- What you need to do -
The answer must be an exact copy of the lines from the one containing "Robert Lewandowski" through the last line of the records, with no pictures.

******

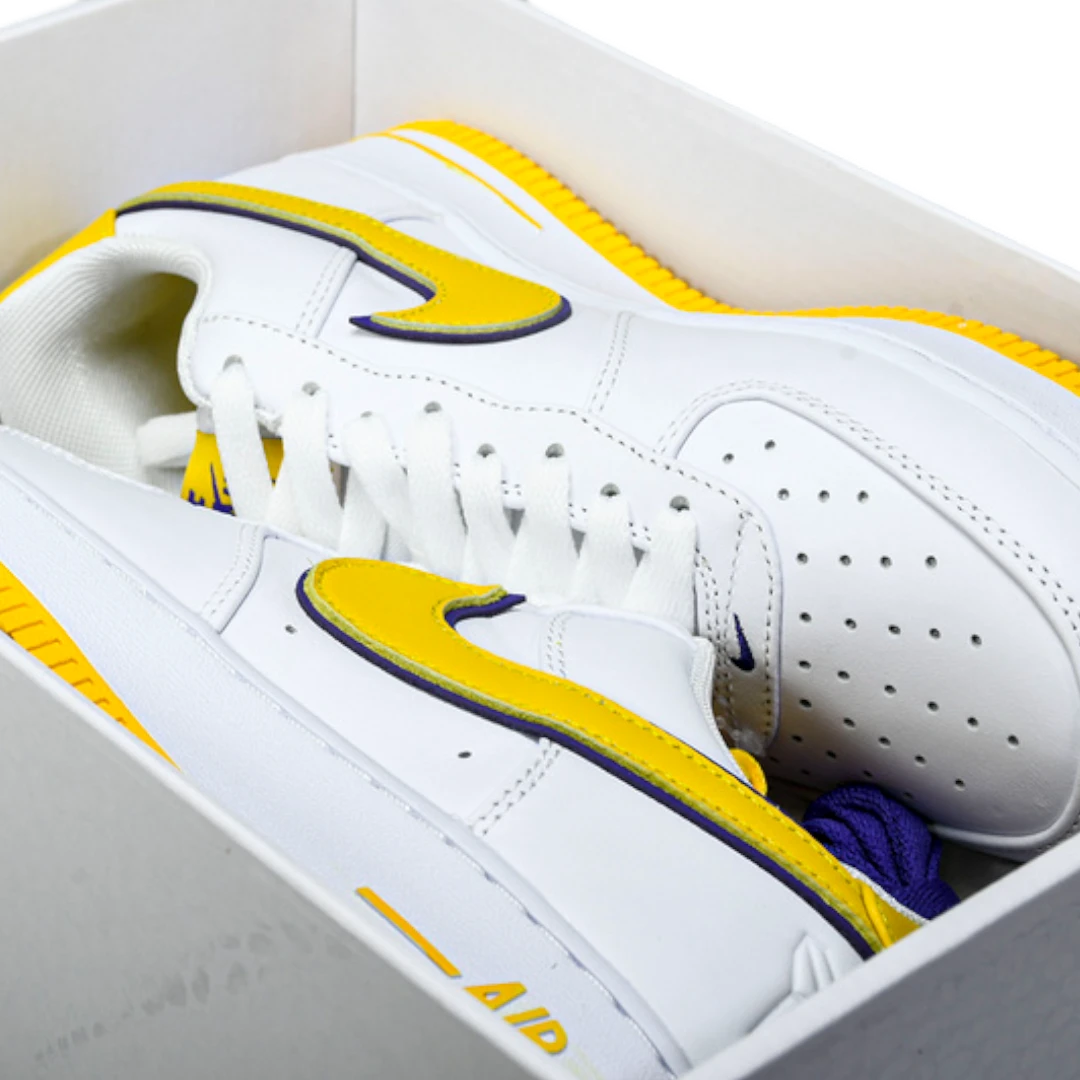 AF1 x Kobe Bryant 'Lakers Home'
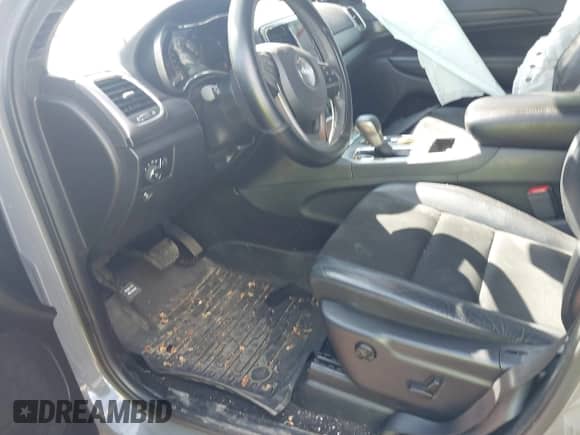 2019 Jeep Grand Cherokee Altitude with VIN 1C4RJEAG8KC680972, listed as a IAAI auction lot 42807347 with 88,478 mi miles and . Bid and sale history available at DreamBid. Image 5.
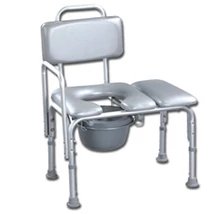 Szoba WC tusoló pad egyben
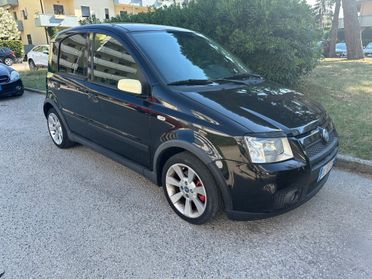 Fiat Panda 1400 benzina 16V 100 HP 2006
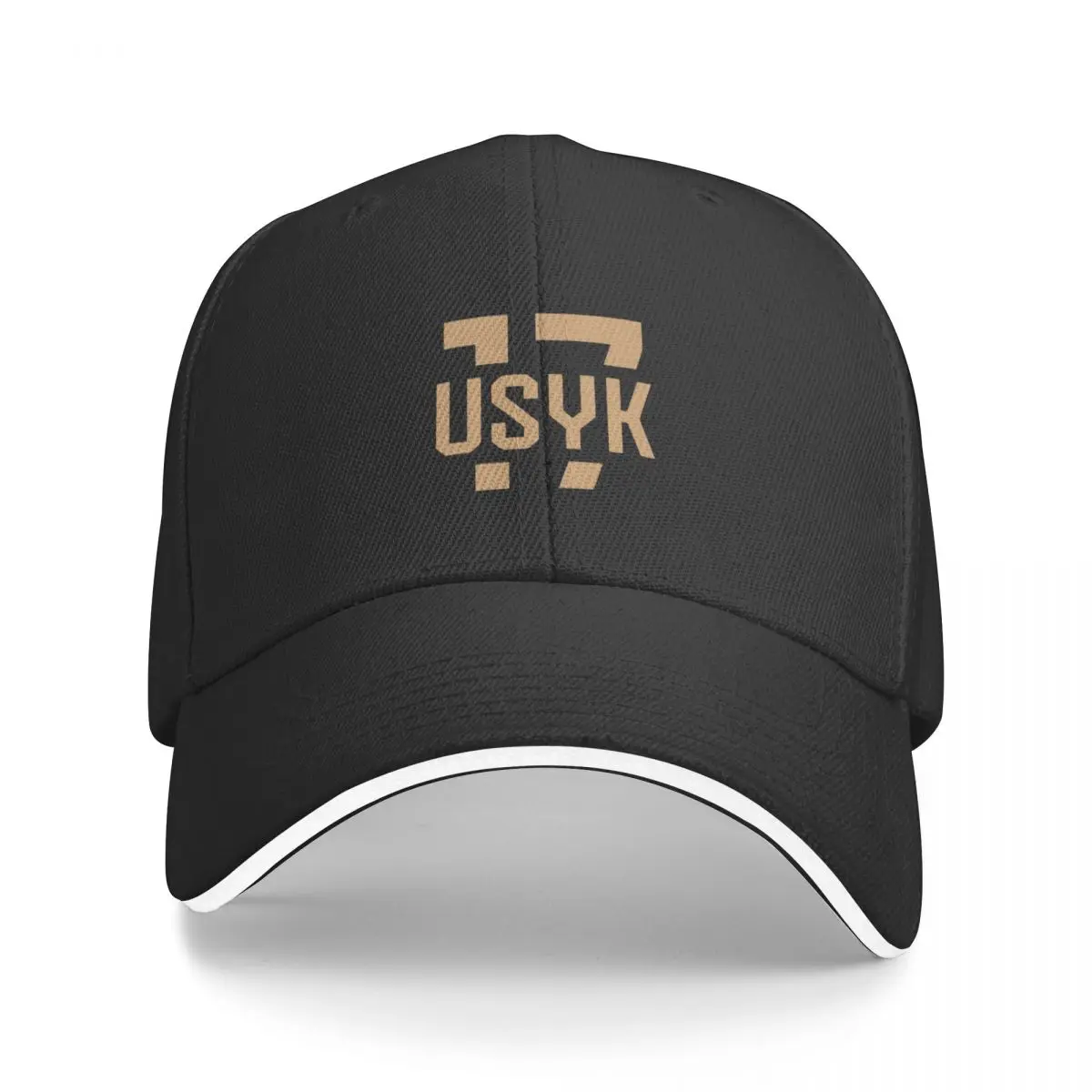 

USYK 17 Gold Pocket Cap Baseball Cap Military cap man Golf wear Caps women Men's 1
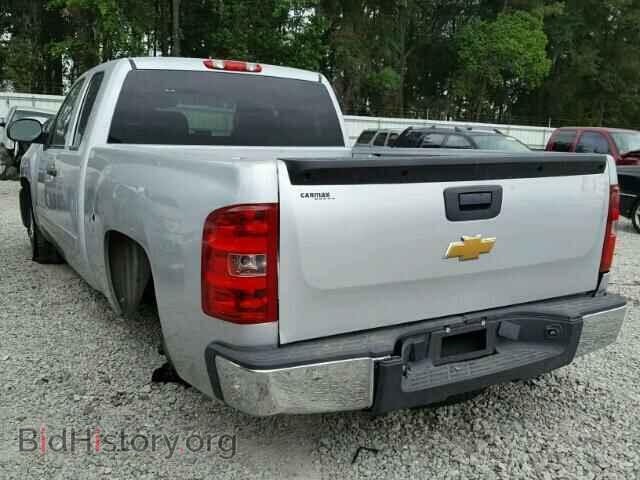 2013 CHEVROLET SILVERADO - VIN: 1GCRCSEA6DZ277832 - Фото 3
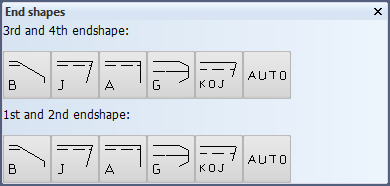 Creating face plates
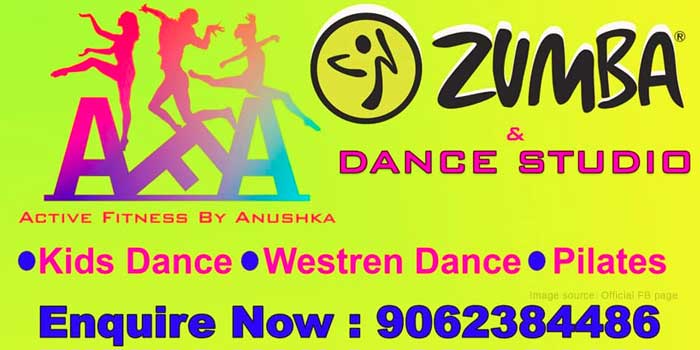 Active Fitness by Anushka (AFA Zumba Studio), Patuli, Kolkata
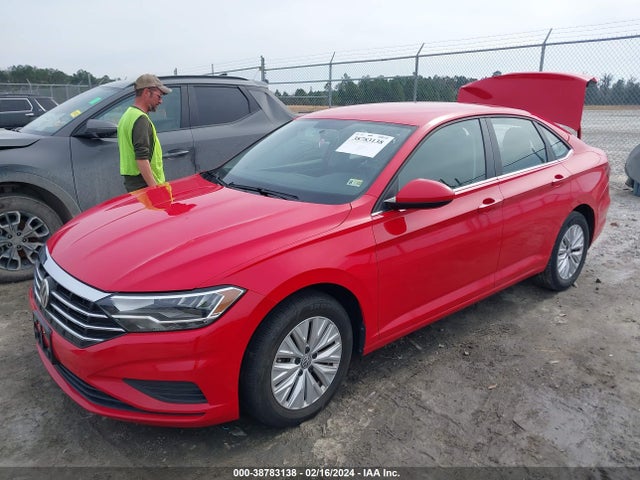 3VWCB7BU7KM173771 Volkswagen Jetta 1.4t R-line/1.4t S/1.4t Se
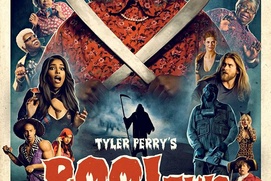 Affiche du film Tyler Perry's Boo 2! A Madea Halloween Affiche du film Tyler Perry's Boo 2! A Madea Halloween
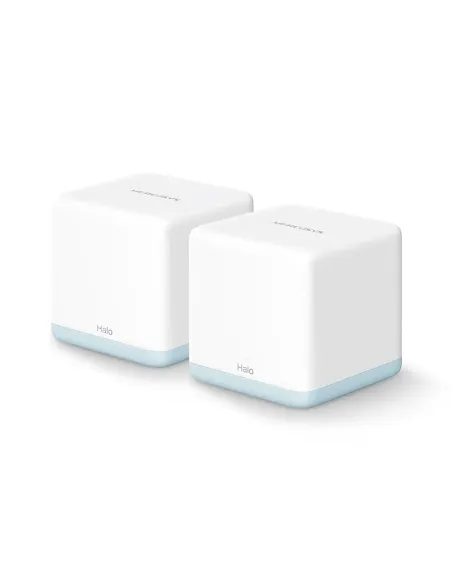 Mercusys Halo H30 AC1300 Mesh Wi-Fi 2-Pack | MRC-HALO-H30-2P Mercusys Halo H30 AC1300 Mesh Wi-Fi 2-Pack | MRC-HALO-H30-2P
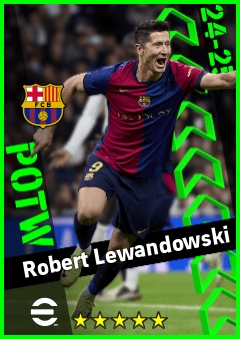 Robert Lewandowski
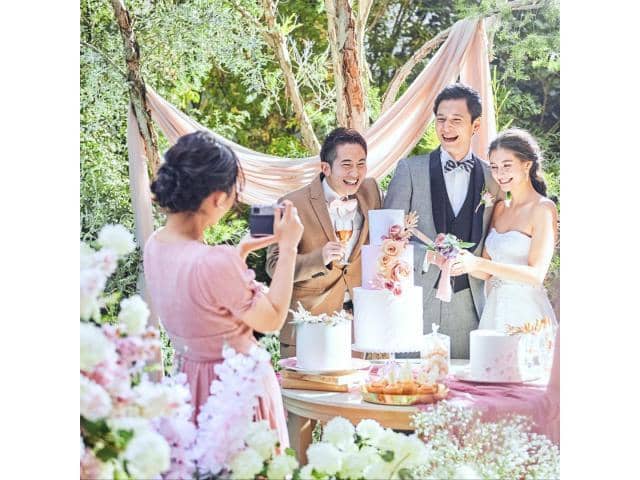 NEEDS大阪本町 by T&G WEDDING(旧 アクアガーデンテラス 大阪)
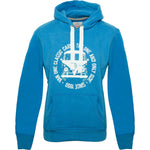BULLI FACE USED Herren Hoodie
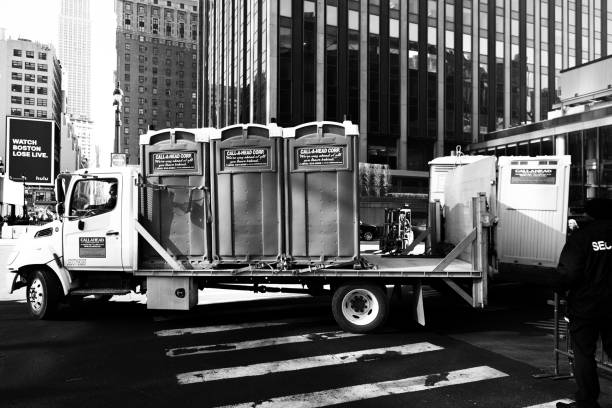 Best Portable toilet rental for construction  in Morocco, IN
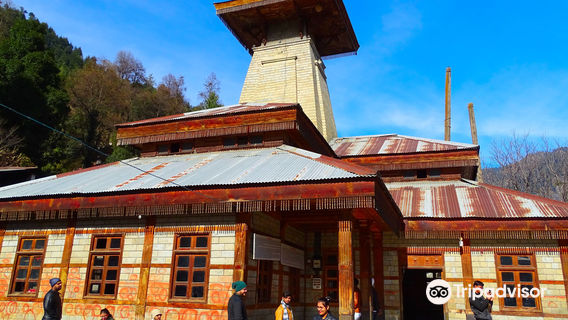 Manu Temple, Old Manali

******

- Solution to this task -
 Robert Lewandowski
 NEEDS大阪本町 by T&G WEDDING(旧 アクアガーデンテラス 大阪)
BULLI FACE USED Herren Hoodie
 Best Portable toilet rental for construction  in Morocco, IN
 Manu Temple, Old Manali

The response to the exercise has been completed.